Beyond Beyondについて

 Beyond Beyond (ビヨンド ビヨンド 越えて、越えて)というタイトルは、30年前に参加した学生YMCAの夏期ゼミナール開催期間中に発行していた夏期ゼミ新聞の名前でした。
 わたしたちの日常性を超えていこう、自分の殻を超えていこう、自分の中にある偏見を超えていこうという思いで付けられた名前だったと覚えています。
 これはわたしの勝手な思いですが、Beyond Beyondは、ジャンプやバネが跳ね上がるのを表す「ビヨーン」という擬態音を連想させ、まさにわたしたちが何かを超えていくことをイメージさせる、躍動感のある言葉です。

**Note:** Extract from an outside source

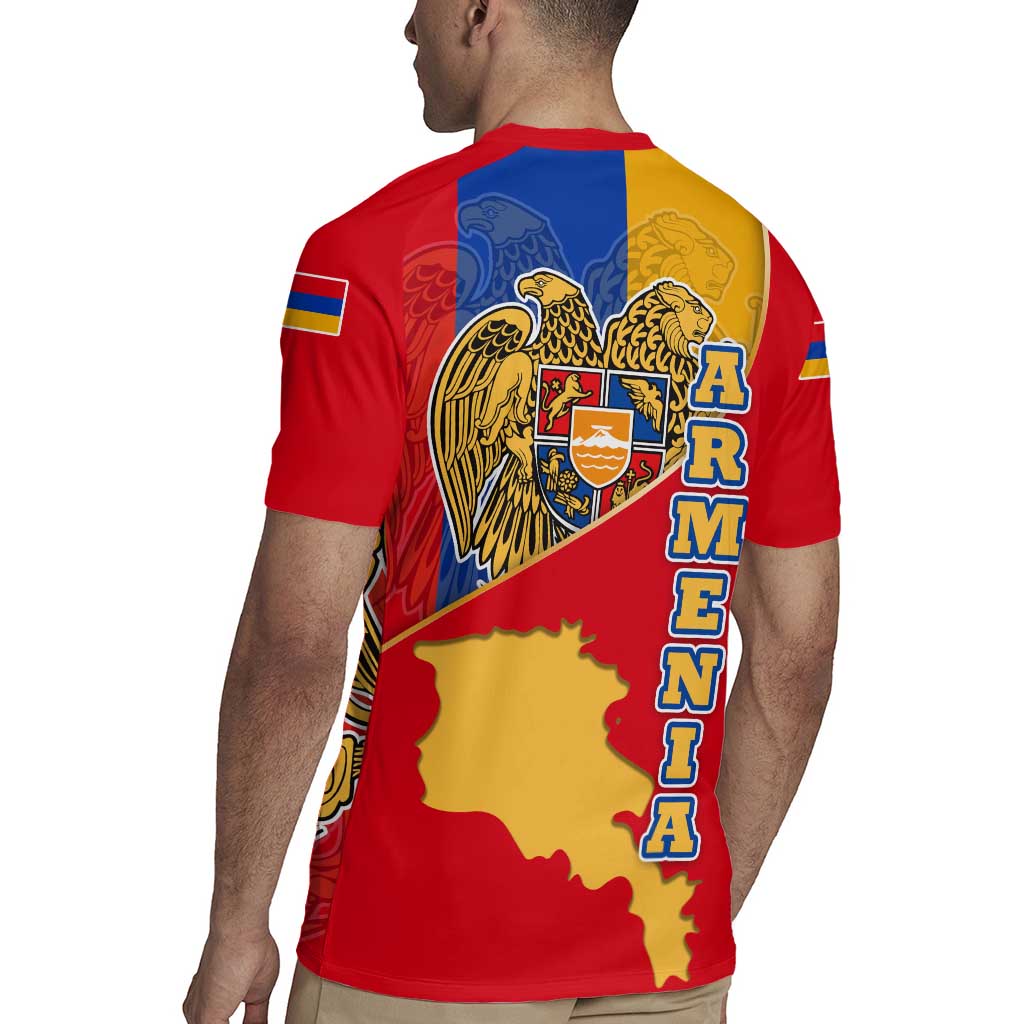 Armenia Flag Rugby Jersey with National Coat of Arms and Map Design - Wonder Print Shop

 Beyondを2回繰り返しているのは、いったん何かを越えて終わりというのではなく、絶えず何かを越えていくことを促しているように感じます。
 何かを越えていくということ、今の自分ではない自分になること、自分の限界に挑戦してみることに、あこがれを感じます。しかし、それは簡単なことではなく、自分で自分の枠を越えていこうとするわけですから、どこかで甘さや不十分さが残っているものです。やはり、他者との出会いがわたしたちを自分の枠から引き出してくれるのではないでしょうか。

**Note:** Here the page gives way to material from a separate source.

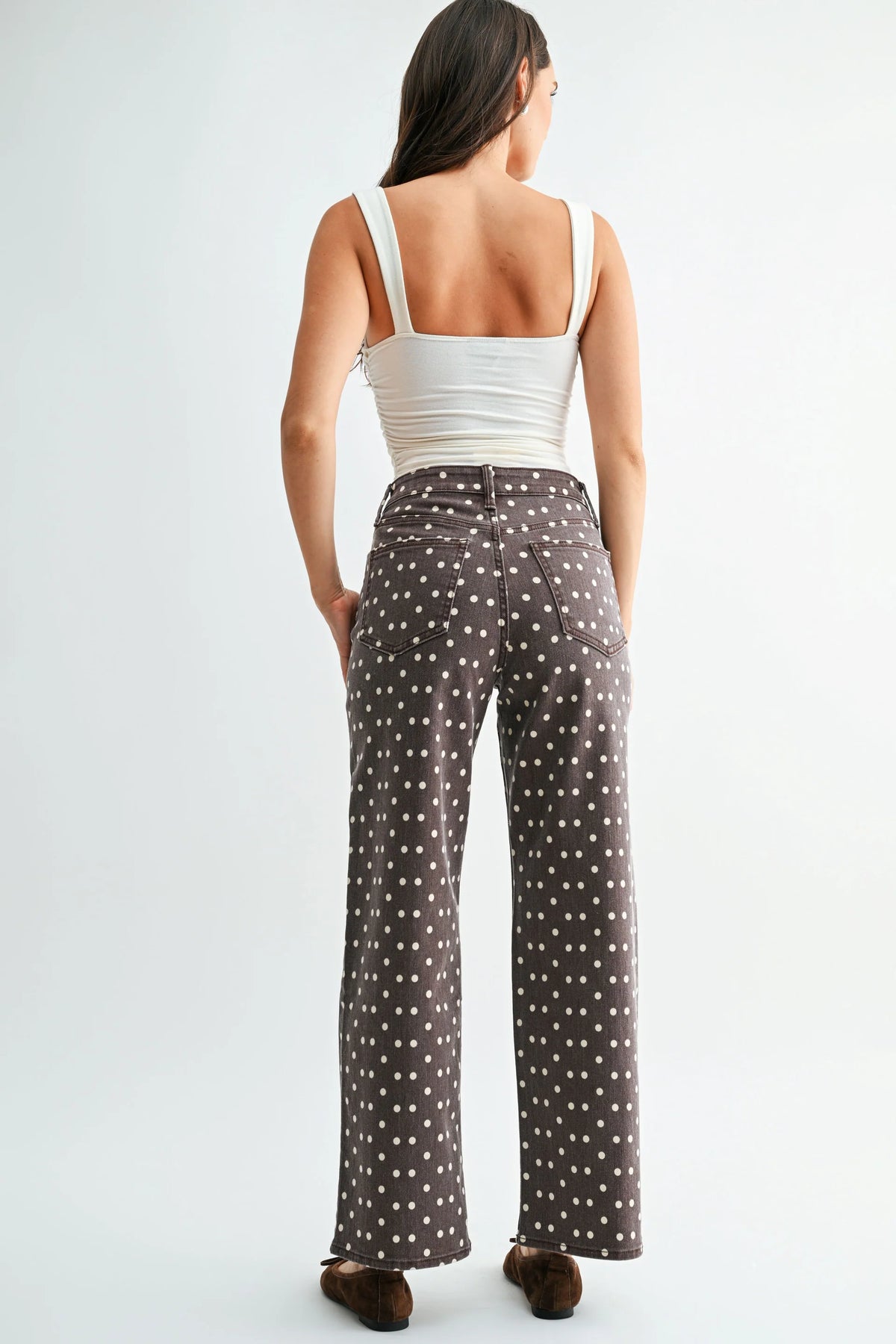 JBD/ HR Vintage Straight/ Brown Polka Dot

 そのために、読書をして認識や言葉、知識の枠を広げようともしますし、セミナーなどに参加して人との対話を通して、自分の枠から引き出される経験もあります。今回のように外国で生活し、学ぶこともそのひとつです。
 また、何かの経験、人との出会いを通して、自分の枠が壊れていくこともあります。結婚や子育てをふりかえってみると、自分のもっている価値観をいかに変えていくかという努力でもあり、相手を自分の枠の中で理解しない歩みでありました。それは同時に、自分の枠が閉じたものではなく、どこか開かれた部分をもつようにする営みでもあります。
 Beyond Beyondは、人とのつながりを広げ、可能性を高めていくためのわたしたちへの挑戦です。